======== Provided material ========

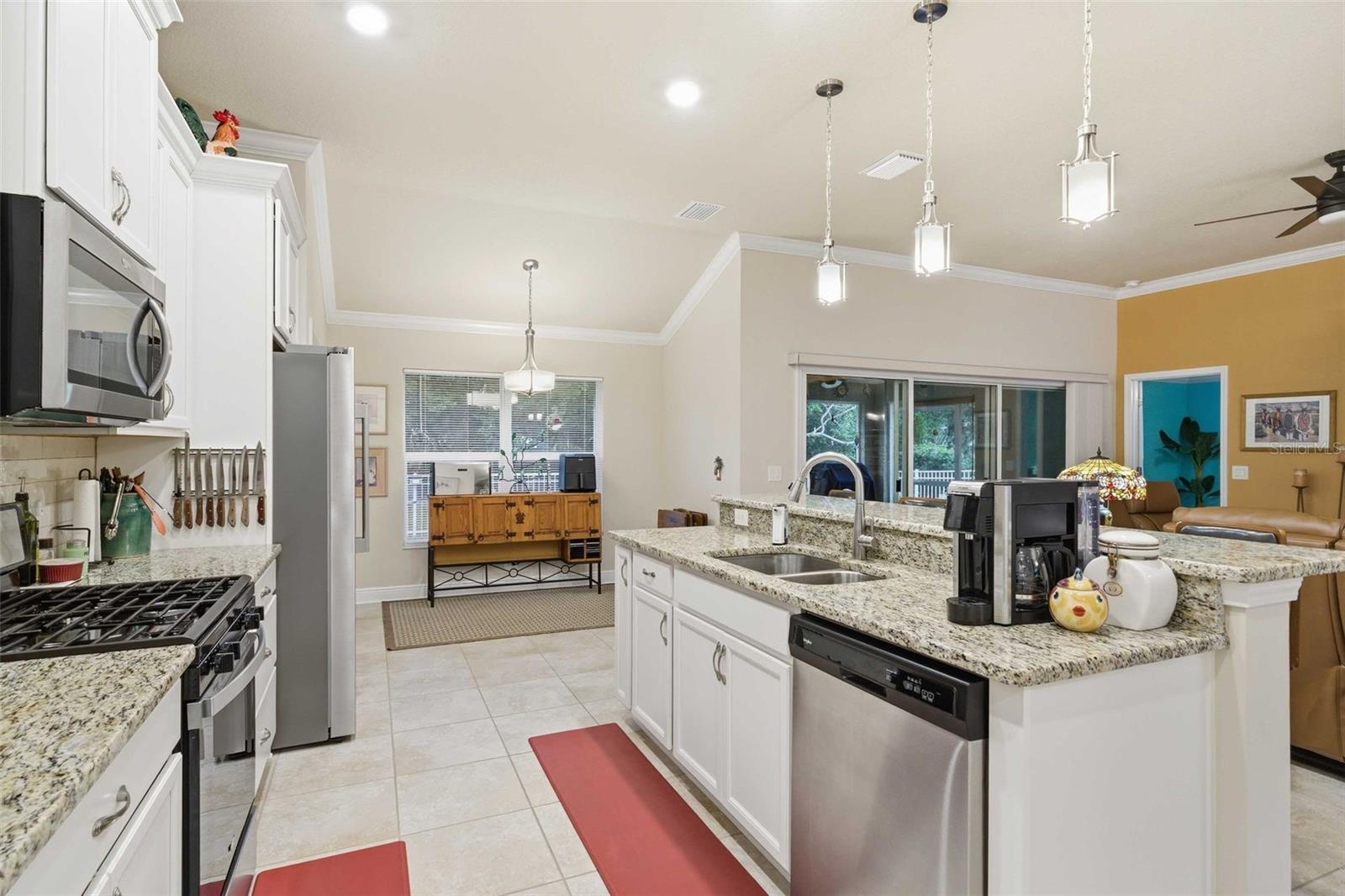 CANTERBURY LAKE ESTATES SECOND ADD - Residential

========
======== Provided material ========

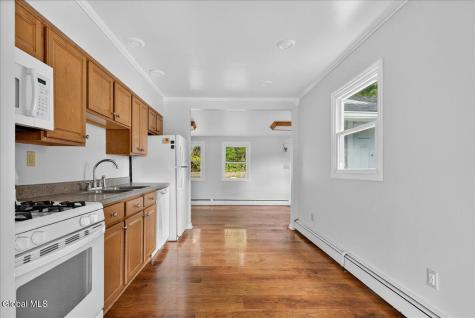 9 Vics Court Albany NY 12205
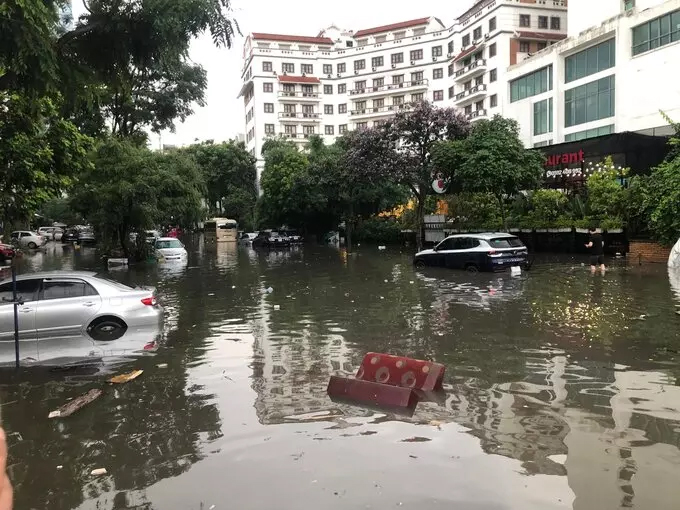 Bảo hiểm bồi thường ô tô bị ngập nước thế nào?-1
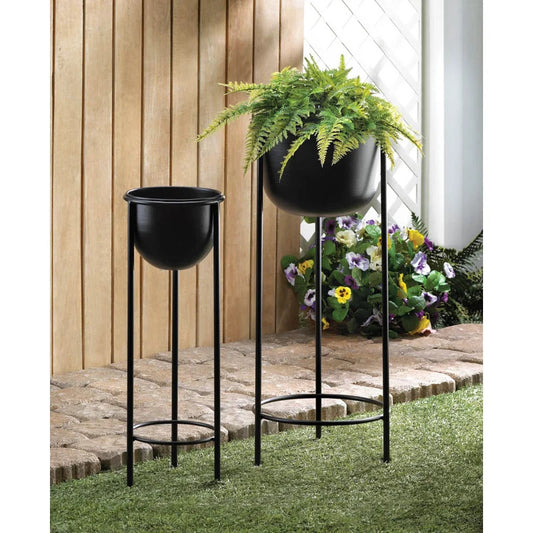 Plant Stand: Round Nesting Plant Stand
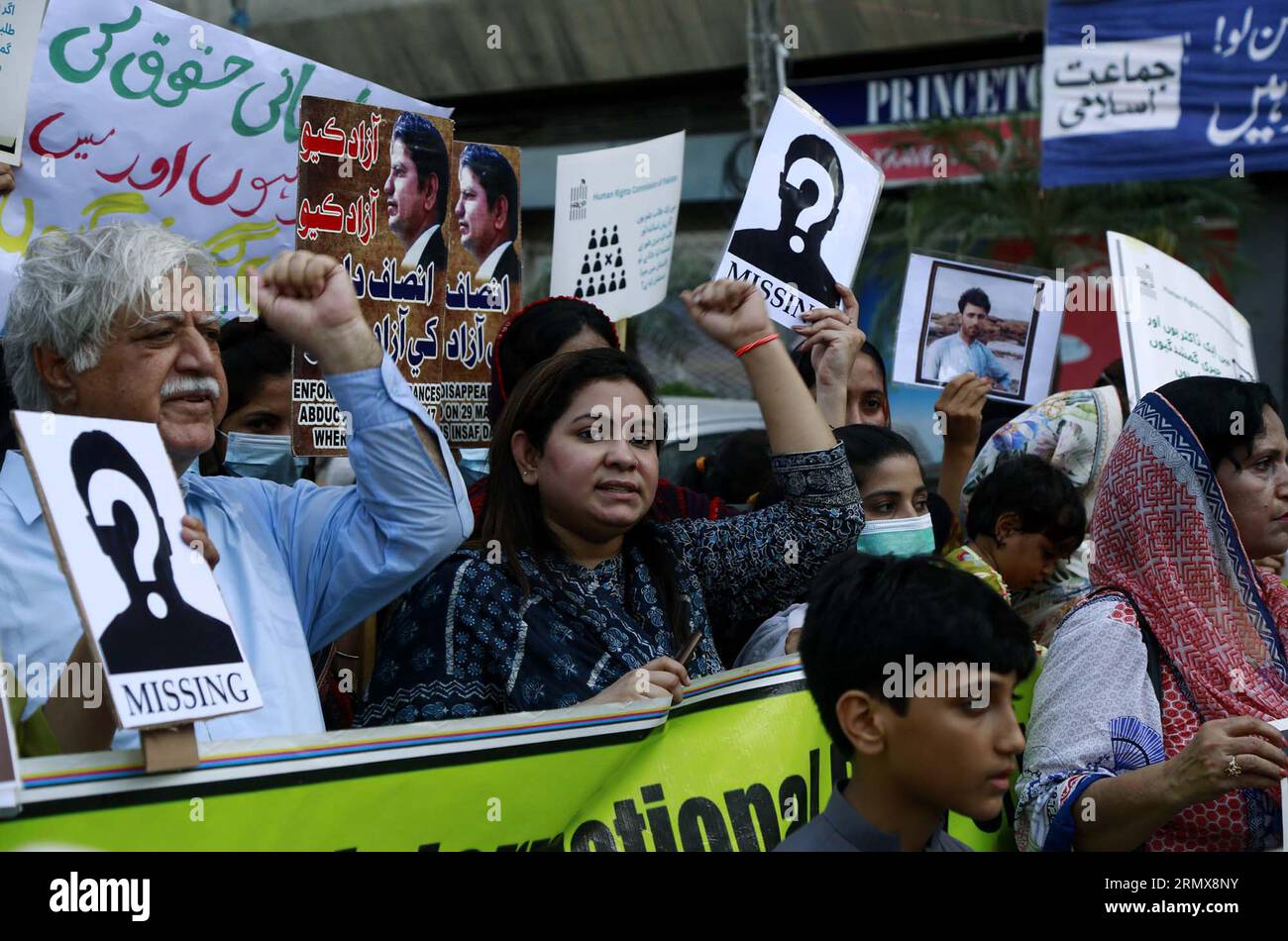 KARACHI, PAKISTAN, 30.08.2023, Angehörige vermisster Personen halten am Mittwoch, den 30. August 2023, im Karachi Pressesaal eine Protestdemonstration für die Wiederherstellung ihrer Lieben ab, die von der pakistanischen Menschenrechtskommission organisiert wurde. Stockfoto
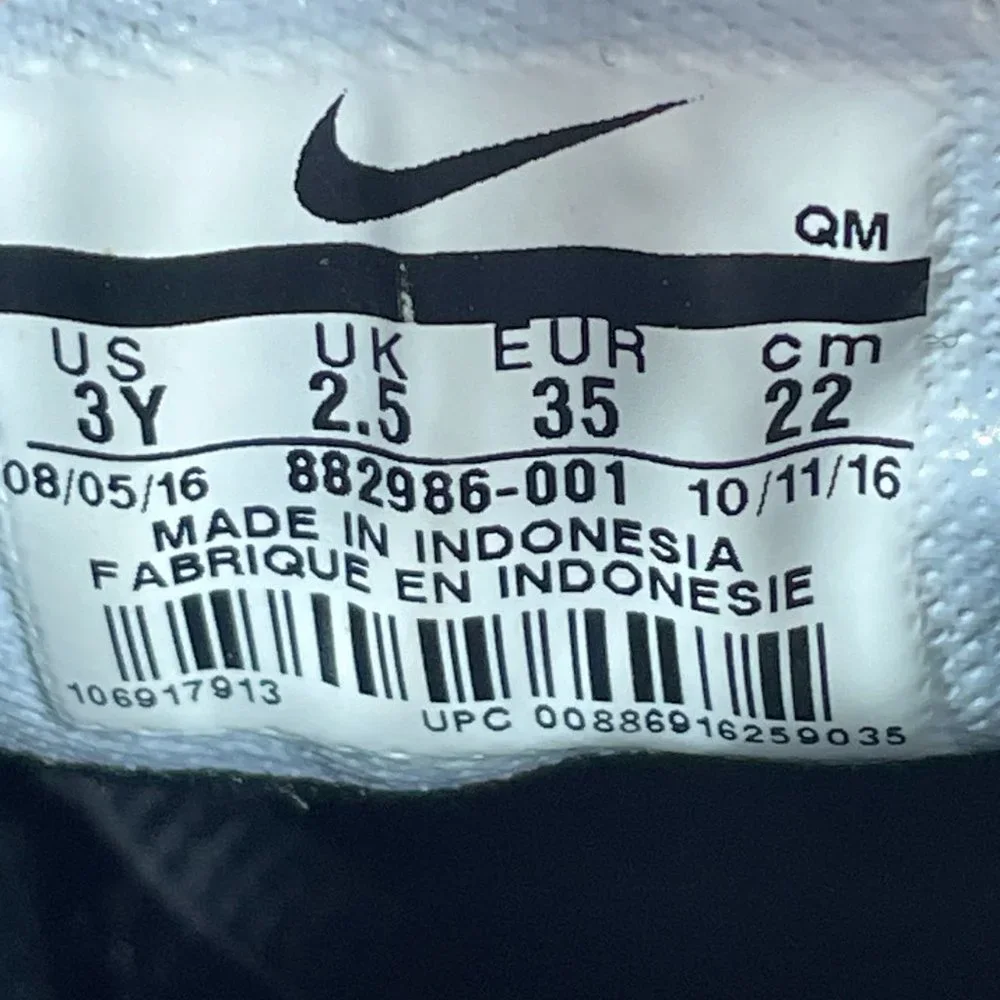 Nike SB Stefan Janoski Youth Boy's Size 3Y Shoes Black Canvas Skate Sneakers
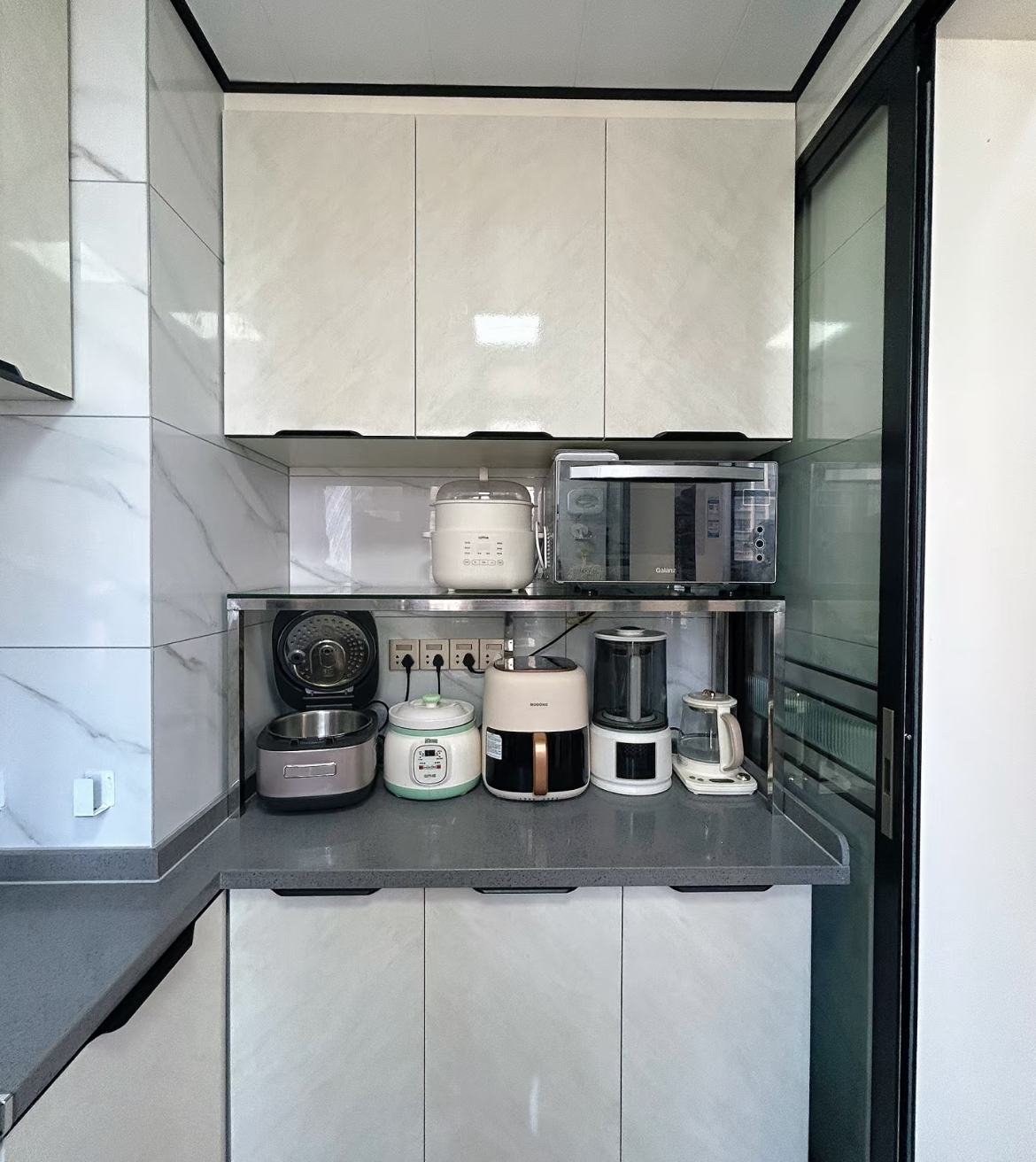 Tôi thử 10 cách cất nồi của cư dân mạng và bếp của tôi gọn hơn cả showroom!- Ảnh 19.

========
======== Provided material ========

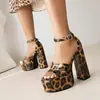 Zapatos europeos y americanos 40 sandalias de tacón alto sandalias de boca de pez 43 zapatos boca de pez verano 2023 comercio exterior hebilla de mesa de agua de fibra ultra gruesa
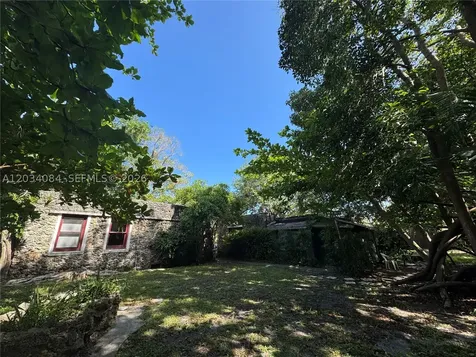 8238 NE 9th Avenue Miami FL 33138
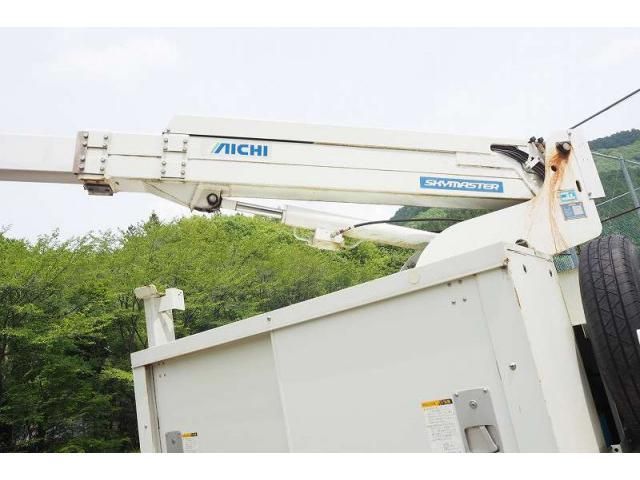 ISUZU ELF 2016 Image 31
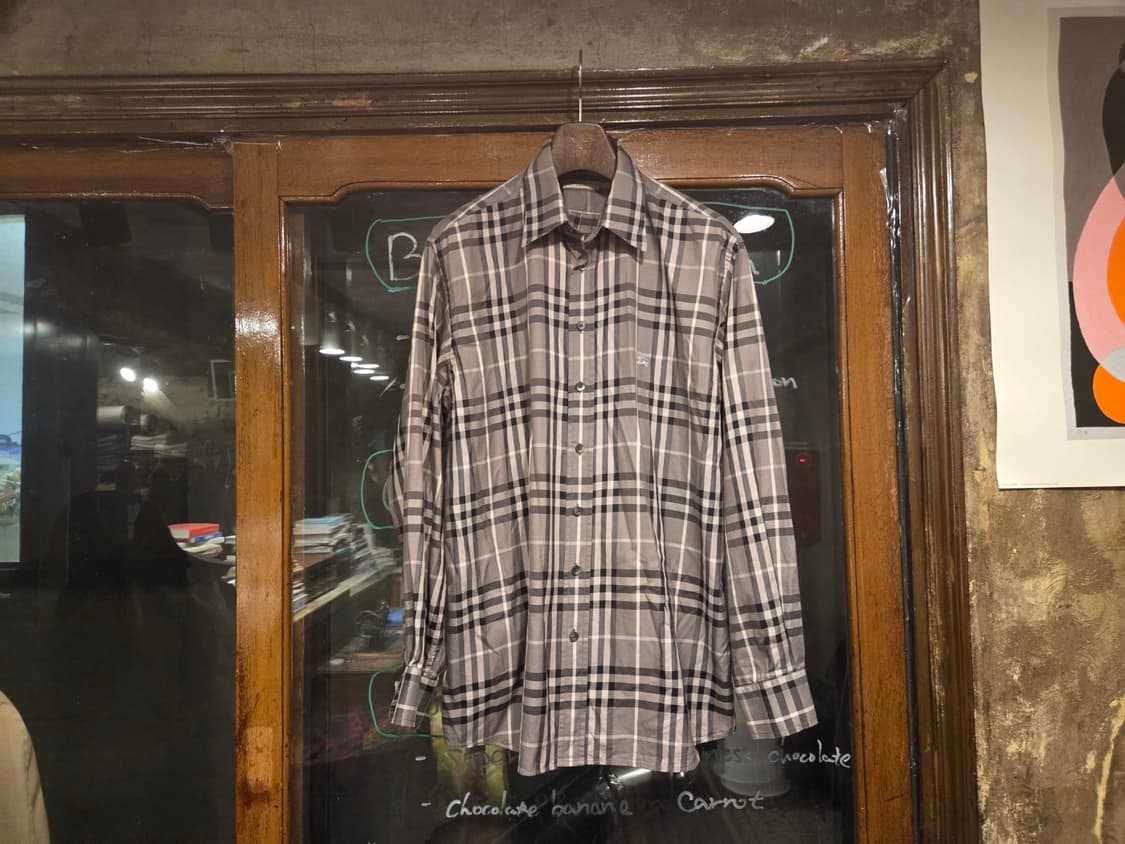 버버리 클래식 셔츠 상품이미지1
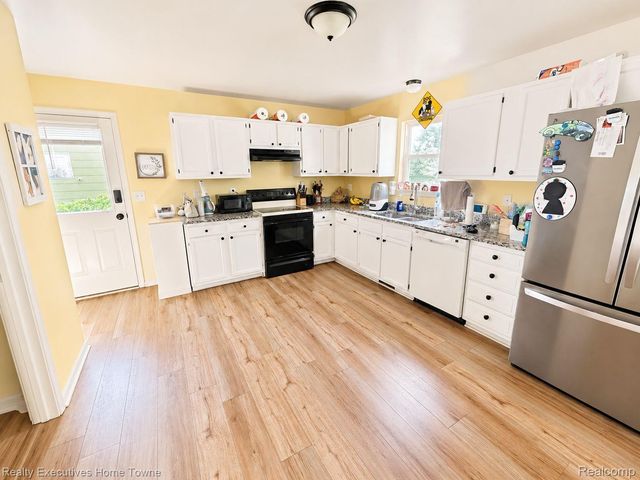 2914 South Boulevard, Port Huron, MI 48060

========

Pictures excluded, transcribe the listing above exactly from the line with "Bảo hiểm bồi" through the line with "Tôi thử 10 cách", and no further.

 Bảo hiểm bồi thường ô tô bị ngập nước thế nào?-1
 Plant Stand: Round Nesting Plant Stand
 KARACHI, PAKISTAN, 30.08.2023, Angehörige vermisster Personen halten am Mittwoch, den 30. August 2023, im Karachi Pressesaal eine Protestdemonstration für die Wiederherstellung ihrer Lieben ab, die von der pakistanischen Menschenrechtskommission organisiert wurde. Stockfoto
 Nike SB Stefan Janoski Youth Boy's Size 3Y Shoes Black Canvas Skate Sneakers
 Tôi thử 10 cách cất nồi của cư dân mạng và bếp của tôi gọn hơn cả showroom!- Ảnh 19.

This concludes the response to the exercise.